In the immortal words of Dolly Parton, “Working 9 to 5 – what a way to make a living… it’s all taking and no giving”. Well, that is unless you work for Netflix who have dispensed with the traditional 9 to 5 working practice and introduced fully flexible working hours and vacations. A sensational initiative or simply a ‘House of Cards’ ? See what I did there? 😉 Oh, please yourself then…
The battle for the best millennial talent is constantly raging and employers are progressively cognisant of the desire from prospective employees to offer creative compensation packages, more absorbing work environments and flexible working hours. The guys at Netflix are pretty much the pioneers of this practice. When they started in 2004, they soon realised that their traditional 9 to 5 working policy wasn’t, err, working for them.
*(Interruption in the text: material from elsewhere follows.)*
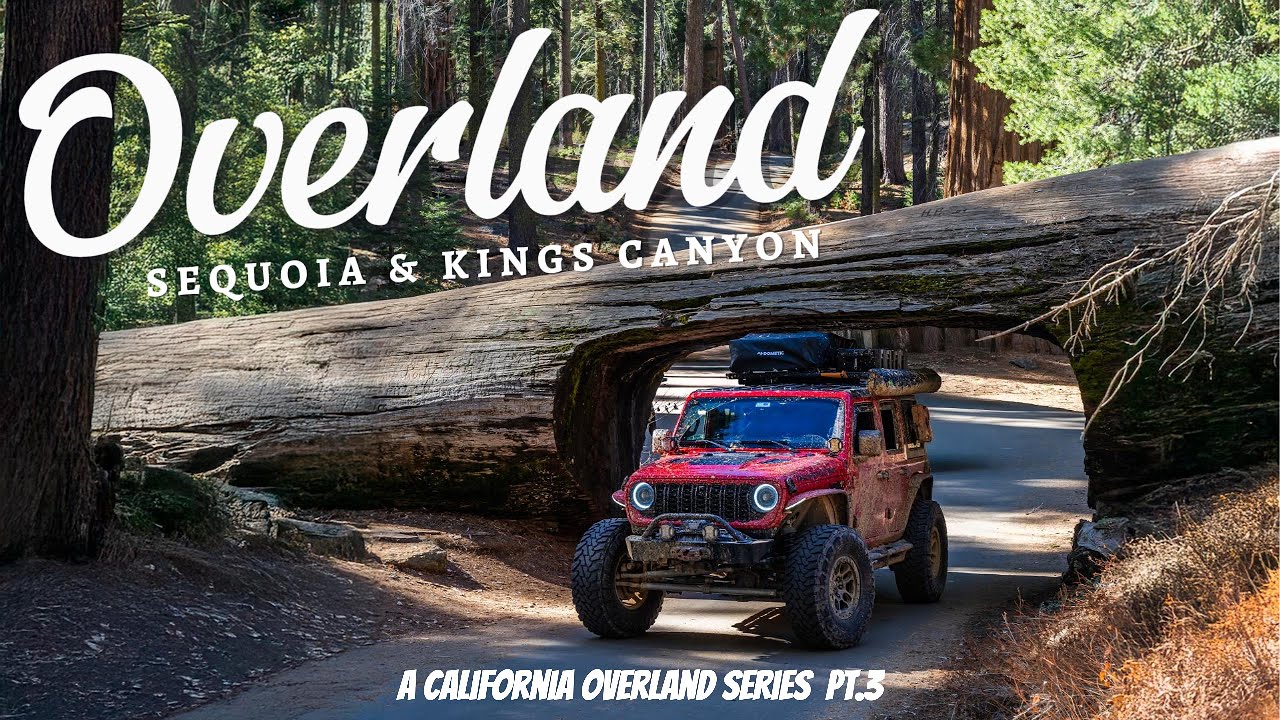 Exploring the Giant Sequoias on this part 3 of our California overland trip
So they took an incredibly brave step and introduced what they call their ‘freedom and responsibility culture’. Simply stated, they scrapped their policy of fixed working hours / holiday allocations and replaced it with a, erm, no-policy. In other words, staff could take time off whenever they wished and for as long as they wanted. There was no need to ask for any approval and time sheets were eliminated. The employees themselves were the only ones to decide if they fancied a few hours off each day, take a week off on a whim or even a month if the urge compelled them. No rules. Netflix based their no-policy strategy upon one solitary factor. Trust. Now there’s a concept, trusting the people you have employed…
Basically they decided to trust their own people to determine when they would take a break. As long as the individual felt entirely reassured that their absence would not be detrimental to their colleagues, clients, the company or their careers they were entitled to take off as much time as they jolly well pleased.
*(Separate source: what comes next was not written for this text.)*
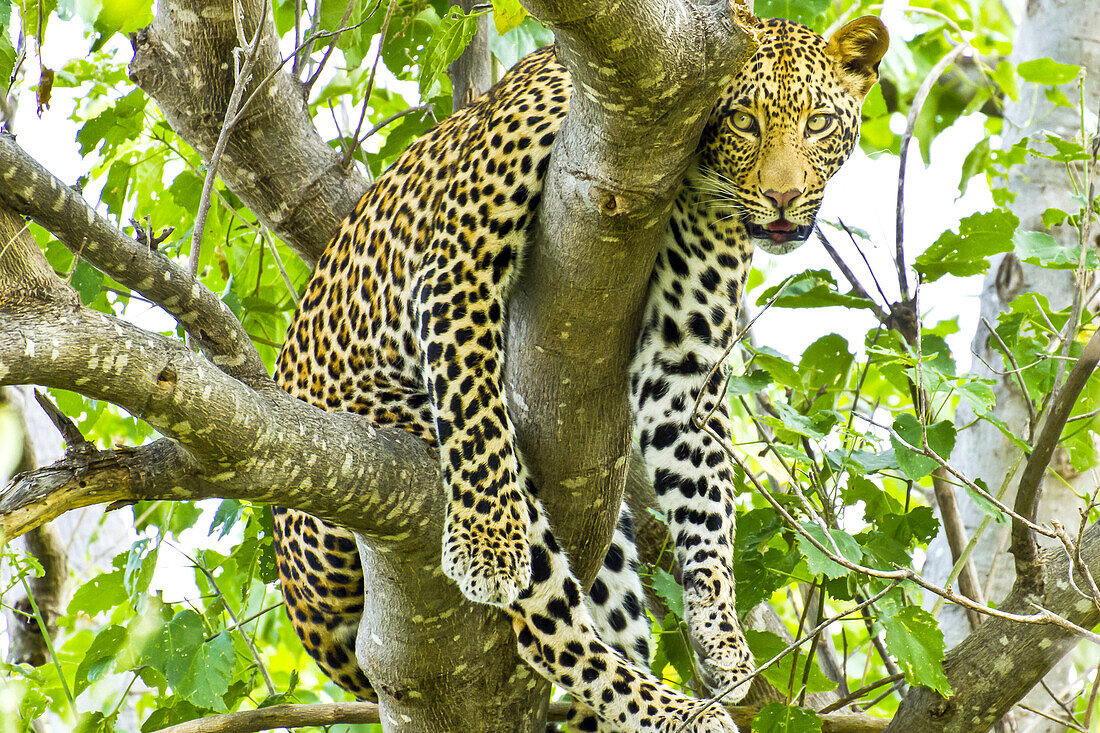 A leopard hangs from a branch in a mopani tree.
Totally preposterous right?
Wrong. The scheme has been a resounding success. In an article by Huffington Post, they have cited it as one of the pivotal reasons for the stratospheric success of Netflix and quoted senior analyst Sam Stern from Forrester Research on the matter, “If you trust and empower people and give them a chance to rise to the higher expectations, the vast majority of people are able to do it.”
Netflix is always eager to extol the virtues of their stratagem but are equally keen to add that it only works because it hires ‘fully formed adults’. The company then simply treats them as such by offering almost unlimited freedom to ‘take risks and innovate’ without being constrained by complex layers of process.
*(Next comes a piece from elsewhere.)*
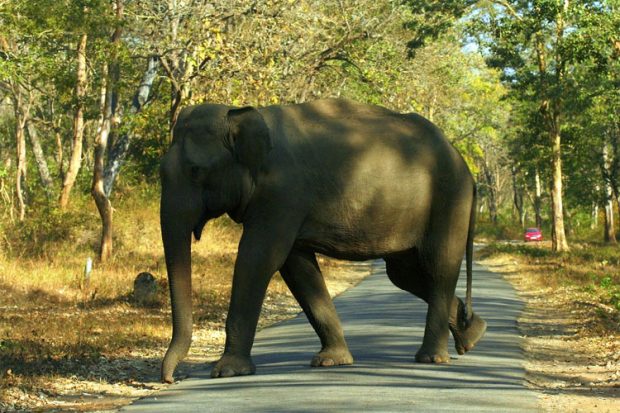 Wild Elephant ದಾಳಿ ಸಮಸ್ಯೆ: ವೈಜ್ಞಾನಿಕ ಪರಿಹಾರ ಅಗತ್ಯ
But surely this maverick approach is just a one-off? Well actually, no it isn’t. Inspired by the innovative proposition, Sir Richard Branson introduced a very similar scheme for Virgin staff in 2012. According to Mr Branson, the less rigid attitude towards working hours has been enabled by increasingly sophisticated technology which effectively means people can work pretty much anytime and anywhere, “The Netflix initiative had been driven by a growing groundswell of employees asking about how their new technology-controlled time on the job (working at all kinds of hours at home and/or everywhere they receive a business text or email) could be reconciled with the company’s old-fashioned time-off policy.”
According to Mr Branson, the key to its success is a simple matter of quality versus quantity, “The focus should be on how much people get done rather than how much time they spend on it.”
So that’s it then. Every company should introduce flexible working for their employees and trust them not to abuse the privilege. Case closed, article over.
Well, in the spirit of balance, maybe it’s not as clear cut as it first appears. There have been a few cases where a more ‘enlightened’ management approach to flexibility hasn’t always paid off. In 2013, Marissa Mayer, CEO at Yahoo!, made the startling decision to rescind their ‘work from home’ policy on the basis that it’s ‘not what’s right for Yahoo right now’. The message that was being telegraphed by Ms Mayer? Come in to the office where we can see what you are doing. Oh and you better look busy.
And, whilst the (supposedly) altruistic approach offered by Netflix provides some astounding incentives don’t be fooled into believing it’s just a haven for slackers. The Netflix culture is one that is driven solely by success. They don’t demand their proverbial ‘pound of flesh’ in terms of time spent working but they absolutely insist upon results. In fairness to Netflix, they make it abundantly clear what is required of their employees in their much vaunted Culture Deck, “Sustained B-level performance, despite ‘A for effort’, generates a generous severance package, with respect.”
Zero ambiguity there then. Hard working losers can leave.
So what do you think? Is the 9 to 5 really a thing of the past? Is the prospect of fully flexible working hours something that would appeal to you in your chosen industry? Is it just a cynical way of making you work harder but without the invisible barrier of time constraints? Or as Dolly herself might say, “It’s all right, but it’s all wrong“.